Pimentel: Tenho, é uma preocupação. No Rio acontece muito. Já prendi o filho de um militar que era motorista do tráfico. Isso começa nos condomínios fechados, no grupo da maconha, apesar de eu ser a favor da legalização. Depois, começam pequenos furtos dentro do condomínio. Evolui para venda de ecstasy, para espancar doméstica em ponto de ônibus e assim por diante. Essas gangues são típicas dos condomínios, de jovens que foram criados sem andar de ônibus, sem conhecer a rua, sem conhecer nenhum valor.
A solução é legalizar a maconha e proibir os condomínios.
Pimentel: [Risos] Nos condomínios você tem esse tipo de marginalidade. Na favela, é outro tipo: é o garoto sem opção de porra nenhuma.
....
Por que a operação deu errado, com a refém morta pela polícia e o sequestrador executado depois de preso?
Pimentel: O policial não tava pensando em salvar a vida da refém, mas em matar o bandido. De forma geral, o policial brasileiro não quer fazer segurança pública, quer prender ou matar bandidos. E, quando você coloca alguém em risco pra isso, não está fazendo segurança pública.
Mendes: Admiro o que você tá falando, é exatamente o que gostaria que a polícia fosse.
Pimentel: No Ônibus 174, fomos acusados de defender o [sequestrador] Sandro, de transformar bandido em herói. No Tropa de elite, disseram que a gente era fascista.
Mendes: Acontece que o Tropa de elite coloca a culpa no usuário, no rapaz da universidade que fuma o baseadinho. Em nenhum momento o filme acusa os financiadores da droga, o esquema que está por trás de tudo.
Pimentel: Era a visão de um capitão da polícia com 27 anos de idade.
Mendes: Não combina com o que você tá falando.

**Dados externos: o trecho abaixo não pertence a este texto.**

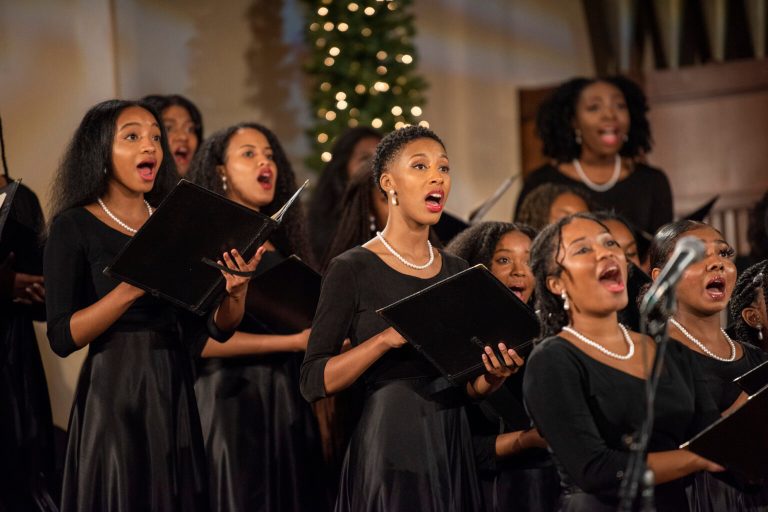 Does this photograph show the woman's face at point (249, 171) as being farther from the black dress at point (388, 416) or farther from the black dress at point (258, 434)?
the black dress at point (388, 416)

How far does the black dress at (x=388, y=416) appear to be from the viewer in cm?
312

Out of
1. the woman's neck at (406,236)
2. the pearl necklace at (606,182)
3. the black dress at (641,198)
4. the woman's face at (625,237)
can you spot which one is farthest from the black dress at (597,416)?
the pearl necklace at (606,182)

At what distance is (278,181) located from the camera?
14.7ft

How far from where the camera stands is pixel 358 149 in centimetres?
561

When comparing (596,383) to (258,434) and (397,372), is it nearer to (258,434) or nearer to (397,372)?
(397,372)

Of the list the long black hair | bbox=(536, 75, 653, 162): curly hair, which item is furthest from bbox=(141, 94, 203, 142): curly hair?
bbox=(536, 75, 653, 162): curly hair

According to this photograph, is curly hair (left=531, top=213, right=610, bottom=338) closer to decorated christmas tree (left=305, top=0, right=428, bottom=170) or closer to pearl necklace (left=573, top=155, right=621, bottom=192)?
pearl necklace (left=573, top=155, right=621, bottom=192)

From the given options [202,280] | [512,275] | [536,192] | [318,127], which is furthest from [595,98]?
[202,280]

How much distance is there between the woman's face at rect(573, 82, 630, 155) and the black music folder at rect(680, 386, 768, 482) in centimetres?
285

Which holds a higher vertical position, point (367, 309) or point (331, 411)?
point (367, 309)

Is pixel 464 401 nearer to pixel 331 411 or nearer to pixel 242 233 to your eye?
pixel 242 233

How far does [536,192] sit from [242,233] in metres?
1.87

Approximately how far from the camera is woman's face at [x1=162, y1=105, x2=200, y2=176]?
16.9 feet

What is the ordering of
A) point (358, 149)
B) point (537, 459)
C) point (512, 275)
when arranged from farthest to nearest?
point (358, 149) → point (512, 275) → point (537, 459) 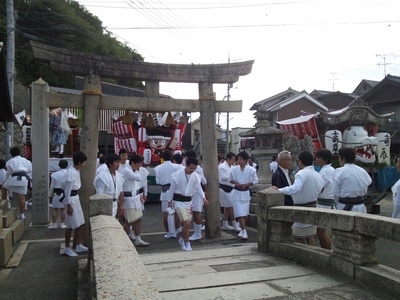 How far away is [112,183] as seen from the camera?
6.95 m

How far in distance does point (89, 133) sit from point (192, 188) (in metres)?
2.58

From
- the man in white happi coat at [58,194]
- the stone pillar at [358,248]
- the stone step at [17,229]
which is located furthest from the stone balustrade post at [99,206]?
the man in white happi coat at [58,194]

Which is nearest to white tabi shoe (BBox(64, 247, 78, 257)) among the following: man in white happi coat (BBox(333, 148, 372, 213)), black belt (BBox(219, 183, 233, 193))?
black belt (BBox(219, 183, 233, 193))

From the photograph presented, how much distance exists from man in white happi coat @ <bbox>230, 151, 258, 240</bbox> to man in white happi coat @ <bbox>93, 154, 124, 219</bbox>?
2953mm

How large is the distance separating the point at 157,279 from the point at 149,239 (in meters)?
4.08

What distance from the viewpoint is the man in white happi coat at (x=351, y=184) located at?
5.82 meters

Pimentel: Em algum momento, foi a minha visão. O Bope até ajudou a mudar isso. O filme é simplista, o Capitão Nascimento é simplista. Foi aplaudido por gente de todas as condições sociais, “finalmente alguém falou que a culpa é do usuário”. Pobre é até mais conservador que rico. Há um consenso de que a porrada funciona, mas a violência urbana tem a ver com várias coisas, como desemprego e desigualdade social. Mas é bom deixar claro que quem fuma maconha compra essa merda de alguém que estabelece uma ditadura armada na favela ou na periferia.
Qual a solução?
Pimentel: Legalizar.
Mendes: Legalizar acaba com os traficantes.
Legalizar a maconha ou as drogas em geral?
Pimentel: Vamos lá. Foi um processo lento para eu entender que a maconha não era o Satã. Lembro de uma festa que fui com minha mulher, uma formatura da Fundação Getúlio Vargas, e tinha uns dez casais fumando maconha. E eu no dia seguinte ia botar roupa preta e matar quem tava vendendo aquela porra. Num processo de amadurecimento, entendi que tinha que legalizar, que matar traficante era um desperdício de tempo e de dinheiro público.
Mas, se as outras drogas continuam ilegais, o tráfico sobrevive.
Pimentel: É uma falsa solução. Mas só por defender a legalização da maconha já tomo vaia. E não prenderia o usuário de cocaína, iria atrás dos chefões. A repressão é cínica, só prende pobre. Em Chicago, o foco da repressão são o médio e o grande traficantes. Talvez seja um caminho.
Mendes: Eu acredito na liberação. Prender o usuário não resolve.